A estrutura metafísica da caridade na sua ordem humana [JBCP]

JEAN BORELLACARIDADE PROFANADA

TERCEIRA PARTE — ESTRUTURA METAFÍSICA DA CARIDADE NA SUA ORDEM HUMANA

INTRODUÇÃO: A CARIDADE ESPIRITUAL E OS DOIS MANDAMENTOS

Demonstramos na primeira parte como, enquanto virtude, a caridade era o lugar privilegiado da confusão do psíquico e do espiritual. Vimos então os diferentes aspectos desta confusão. Expusemos, na segunda parte, os limites e as determinações que impunham à caridade, por um lado a ambiência de uma cultura tradicional,e por outro a composição ternária da natureza humana, estabelecendo assim o fundamento antropológico da distinção do psíquico e do espiritual. Podemos agora tentar descrever a estrutura metafísica da caridade em suas três ordens, humana, divina e cósmica.

Como compreender que a caridade é a via espiritual por excelência, ou mesmo somente que ela é uma via espiritual, enquanto na compreensão que dela se dá, e na qual ela é igualmente recebida, ela se identifica sempre e inabalavelmente ao altruísmo, à filantropia, e a suas diferentes modalidades, como o socialismo, o progressismo, o pacifismo, etc., quer dizer algo de puramente humano, senão mesmo por vezes de infra-humano? Ou ainda: qual é o conteúdo da mensagem de amor? Que compreensão dela temos? Se a espiritualidade mais alta consiste em fazer o que podem fazer ateus, e mesmo os inimigos os mais arraigados de toda espiritualidade, não há aí pelo menos uma contradição? Se o conteúdo da caridade, é a fraternidade e o humanitarismo, como o pensa maciçamente a quase totalidade do clero e dos laicos, então em que consiste a via espiritual por excelência? A questão não é saber se a entreajuda humana, sob todas as suas formas é boa ou má, pois uma tal questão não se coloca e nunca jamais se pôs1. A questão é de saber se é isso a caridade. Se sim, então não há mais caridade espiritual, quer dizer, de caridade no sentido próprio do termo, nem também de Revelação, não se vê porque o Cristo se encarnaria, se só tivesse por meta nos ensinar, como um segredo supremo, o que todo mundo admite sem dificuldade.

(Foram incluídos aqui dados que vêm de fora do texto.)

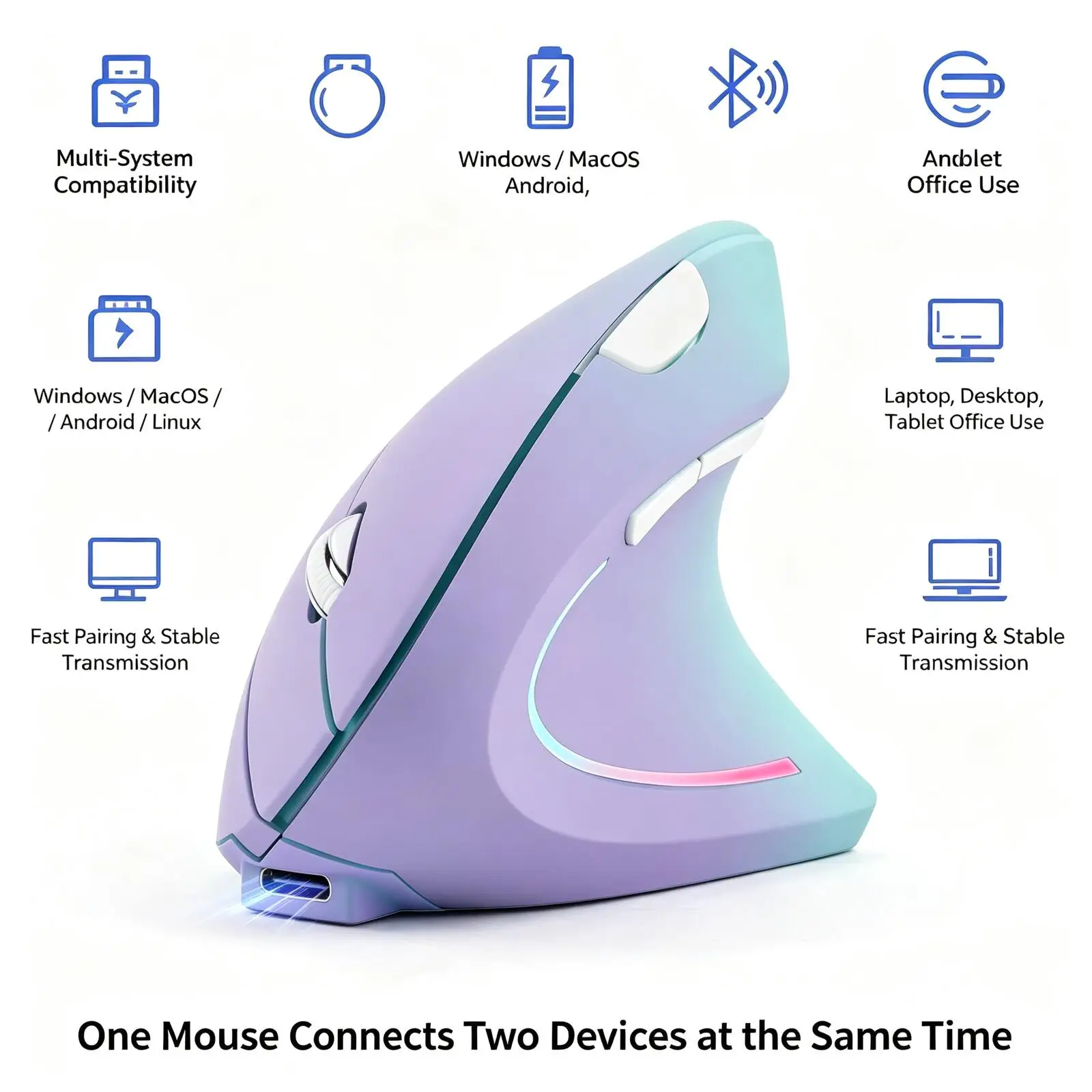 Bluetooth+2.4GHz Rechargeable Ergonomic Vertical Wireless Mouse Silent Type-C Charging Anti-Wrist Pain Mice For Windows Mac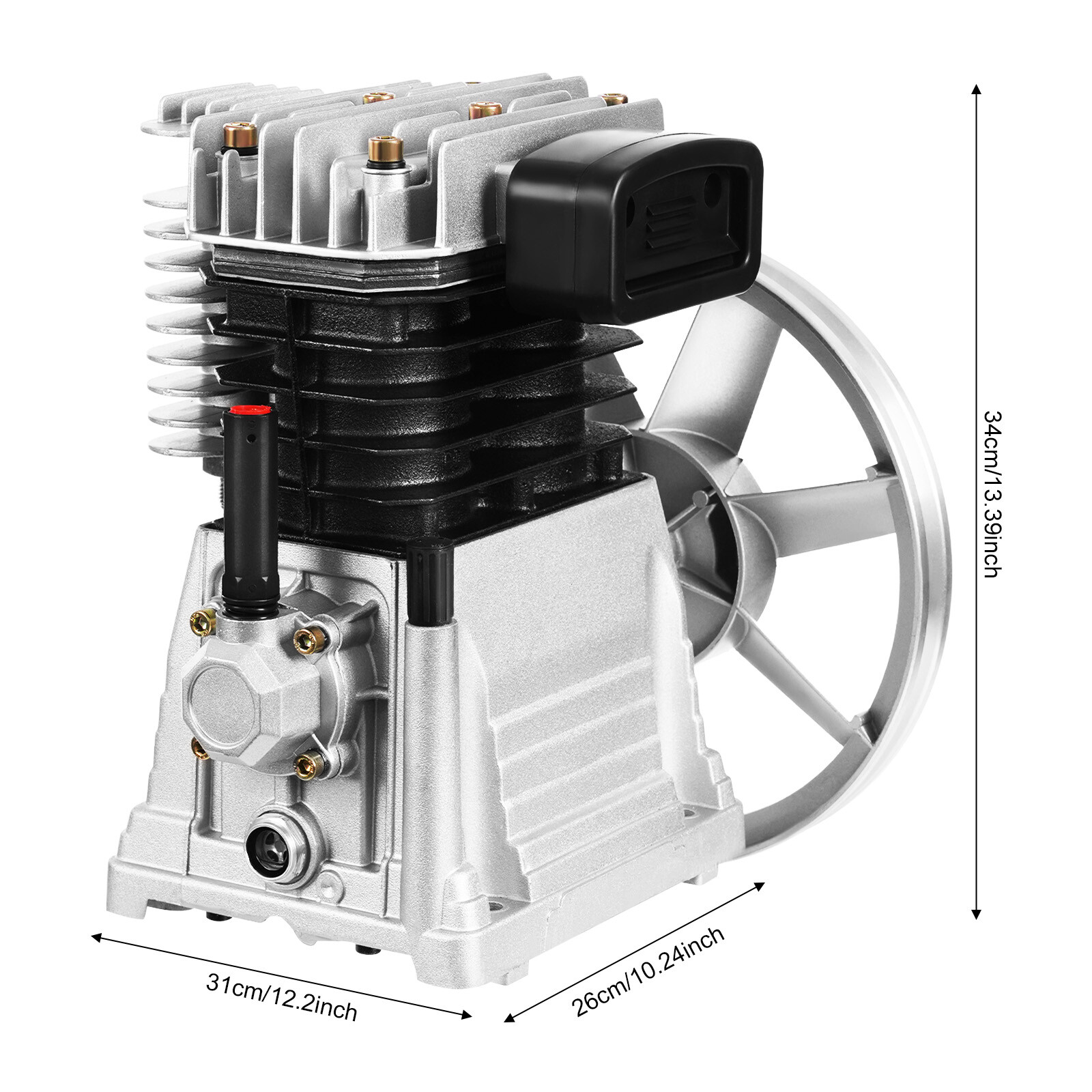 Piston 3HP 250L/min Single Stage Twin Cylinder Air Compressor Pump Head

Se os cristãos que identificam caridade e socialismo, caridade e revolução, e finalmente caridade e felicidade terrestre universal, não eram cristão, não haveria no fundo problema. Eles não decorariam sua ação humana com um vocábulo sagrado. Eles estariam a todo respeito muito mais modestos, e de certa maneira, muito mais lúcidas. Em face desta “compreensão” naturalista e sentimental da caridade, que se poderia muito exatamente definir como caridade triunfalista, e da qual se poderia indefinidamente falar sem convencer ninguém, é preciso portanto relembrar a verdadeira compreensão metafísica da caridade do Cristo2.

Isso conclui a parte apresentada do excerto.